Au 12 de la Cour Damoye à Bastille, une petite boutique de café semble résister à la fureur du quartier. Grâce à sa propriétaire sans âge, Andréa d’Amico, la brûlerie Daval est une pause de tranquillité hors du temps et de l’espace. Mais pour combien de temps encore ?
Une ruelle pavée, des maisons basses, des plantes grimpantes… Le passage Damoye est comme l’oeil du cyclone. C’est la parenthèse paisible au milieu du quartier de la Roquette à Bastille, où les terrasses bondées, les bars et les clubs se relaient le chaos à toute heure du jour et de la nuit. La devanture en vieux bois invite le promeneur. Une chaise ou deux trainent là et sur la vitre poussiéreuse on a scotché des extraits de journaux découpés. Andréa travaille ici, dans la Brûlerie Daval que son mari a fondé en 1946. Pendant longtemps la brûlerie a alimenté une boutique de l’autre côté du pâté de maison, rue de la Roquette. Aujourd’hui Andréa est veuve et les restaurants chinois ont eu raison de la boutique. La brûlerie s’est recroquevillée sur elle-même.
La voix éraillée, les cheveux noirs, Andréa gère seule le magasin jour après jour. La pièce est vaste mais elle est encombrée de gros sacs de grains de café en toile de jute, si bien qu’on se marche dessus assez vite. « Plutôt doux ou plutôt corsé ? » demande-t-elle, comme pour simplifier à l’extrême le choix disponible. La pelle plonge généreusement dans les grains noirs, la balance à aiguille se dresse, le moulin à café assourdissant démarre et recouvre la discussion. Le rituel est sans faille. Profitant du soleil dehors, certains prennent un café sur place. Alors Andréa pose sa cafetière italienne sur la plaque électrique. Parfois elle se brûle et peste, parfois elle oublie et ça déborde. Quand elle vient vers nous avec sa tasse tremblante on accourt pour l’aider.
« Avec l’humidité je fatigue plus vite… »

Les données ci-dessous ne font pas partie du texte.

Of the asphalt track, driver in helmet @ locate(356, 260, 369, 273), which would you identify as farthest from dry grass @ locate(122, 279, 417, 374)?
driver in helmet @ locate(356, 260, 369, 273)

Dans un coin, une petite table fait mine d’être accueillante, accompagnée de ses trois chaises dépareillées. Elle n’est jamais vraiment débarrassée mais ce n’est pas grave, assis là on s’imagine dans un coin de la cuisine d’Andréa, entre deux sachets de sucre, une cuillère sale et quelques coupons de réduction. Si une chaise est restée libre et qu’elle n’a personne, Andréa vient parfois s’asseoir. Selon l’humeur elle reste de marbre, ou raconte ses souvenirs du quartier. Du temps des filles de joie de la rue de Lappe, du temps des proxénètes qui jouaient aux cartes chez Bastide.

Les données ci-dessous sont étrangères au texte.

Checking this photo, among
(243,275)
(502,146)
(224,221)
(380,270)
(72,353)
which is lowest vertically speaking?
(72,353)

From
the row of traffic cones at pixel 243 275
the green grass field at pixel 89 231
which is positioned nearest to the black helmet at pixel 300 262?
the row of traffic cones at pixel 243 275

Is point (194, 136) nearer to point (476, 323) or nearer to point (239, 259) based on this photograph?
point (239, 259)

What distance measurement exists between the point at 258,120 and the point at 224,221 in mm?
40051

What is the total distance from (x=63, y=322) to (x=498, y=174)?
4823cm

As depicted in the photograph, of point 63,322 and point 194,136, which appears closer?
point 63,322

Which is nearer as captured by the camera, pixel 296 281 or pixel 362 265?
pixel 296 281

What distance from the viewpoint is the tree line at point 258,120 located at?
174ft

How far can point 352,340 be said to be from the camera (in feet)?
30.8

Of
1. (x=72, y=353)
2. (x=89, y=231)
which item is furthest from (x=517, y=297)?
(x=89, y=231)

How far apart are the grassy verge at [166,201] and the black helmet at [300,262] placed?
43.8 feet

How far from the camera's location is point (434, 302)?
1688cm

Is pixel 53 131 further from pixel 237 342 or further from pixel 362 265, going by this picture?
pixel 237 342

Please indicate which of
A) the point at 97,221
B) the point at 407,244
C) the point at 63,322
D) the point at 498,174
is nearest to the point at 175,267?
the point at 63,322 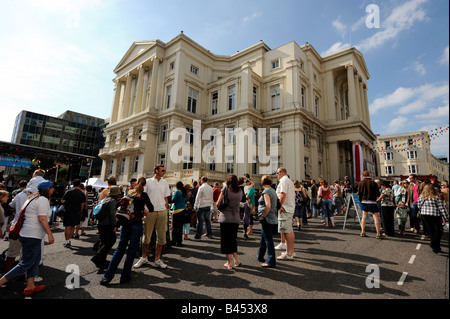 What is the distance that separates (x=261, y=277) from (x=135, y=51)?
38.8 m

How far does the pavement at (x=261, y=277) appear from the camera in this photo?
361 centimetres

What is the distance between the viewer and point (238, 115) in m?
25.4

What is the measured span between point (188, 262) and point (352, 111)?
30621mm

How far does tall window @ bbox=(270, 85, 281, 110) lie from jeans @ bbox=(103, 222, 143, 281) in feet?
81.1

« Un soir je me suis faite embêter par un inconnu rue de Lappe… Une fille est sortie de l’ombre d’un porche pour lui hurler dessus et il a déguerpi ». A l’époque les prostitués du quartier étaient solidaires, elles veillaient les unes sur les autres et protégeaient aussi les enfants. « Les gens de la rue c’était sacré ». Le quartier était fait de petits commerces et de quelques bars incontournables. Un peu plus loin dans la rue de Lappe, Lili était la patronne du bar Chez Bastide. Elle était très forte, et avait un petit chien. Les souteneurs passaient la journée chez elle parce qu’elle était charmante. « Le soir, beaucoup de femmes très bien venaient pour danser, elles avaient des jambes magnifiques ». C’était le Bastille des bandes de motards, des poissonneries, des fleuristes et de la potée chez Monsieur Victor le dimanche… Les souvenirs sont brumeux, ils ne font des histoires que pour celui qui les raconte.

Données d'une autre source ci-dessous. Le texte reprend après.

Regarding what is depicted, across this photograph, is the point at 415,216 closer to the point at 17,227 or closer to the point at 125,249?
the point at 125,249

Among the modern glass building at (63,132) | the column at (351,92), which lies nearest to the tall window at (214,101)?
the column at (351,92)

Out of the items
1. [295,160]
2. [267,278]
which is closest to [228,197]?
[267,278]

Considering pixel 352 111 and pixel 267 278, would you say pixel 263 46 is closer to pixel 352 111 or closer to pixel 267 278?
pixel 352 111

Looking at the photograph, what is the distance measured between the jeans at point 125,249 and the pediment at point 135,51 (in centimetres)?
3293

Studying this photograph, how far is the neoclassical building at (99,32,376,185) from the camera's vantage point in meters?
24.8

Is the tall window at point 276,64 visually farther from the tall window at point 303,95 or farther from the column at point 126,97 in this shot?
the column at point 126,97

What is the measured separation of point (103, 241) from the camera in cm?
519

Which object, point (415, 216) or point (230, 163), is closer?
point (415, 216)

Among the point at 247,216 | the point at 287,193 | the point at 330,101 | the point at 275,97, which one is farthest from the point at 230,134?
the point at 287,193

Maintenant Andréa a sa petite réputation, les habitués viennent aux heures creuses, ils passent des coup de fil pour discuter. Et puis l’or noir amène des amateurs du monde entier : « ici c’est presque international, j’ai des clients du monde entier. Ils se donnent l’adresse, quelquefois ils savent exactement ce qu’ils veulent ». Et une à deux fois par semaine, « quand c’est nécessaire », la torréfactrice fait marcher la machine à torréfier et toute la cour Damoye s’emplit de l’odeur chaude et familière du café.
« C’était pas mon heure »
Après avoir vu disparaître une à une toutes les brûleries du quartier, Andréa craint l’heure de la retraite. Elle qui n’a personne pour reprendre le commerce, elle qui n’a connu que ce petit coin de paradis de la Cour Damoye… « Comme disait ma grand-mère : mourir d’accord mais pourquoi vieillir ? »
A l’heure ou cet article est publié, Andréa est partie à la retraite. La Brûlerie Daval n’a pas perdu son âme puisqu’elle est devenue un “Atelier de Torréfaction”, un peu mieux rangé, un peu plus chic, mais qui sent toujours aussi bon.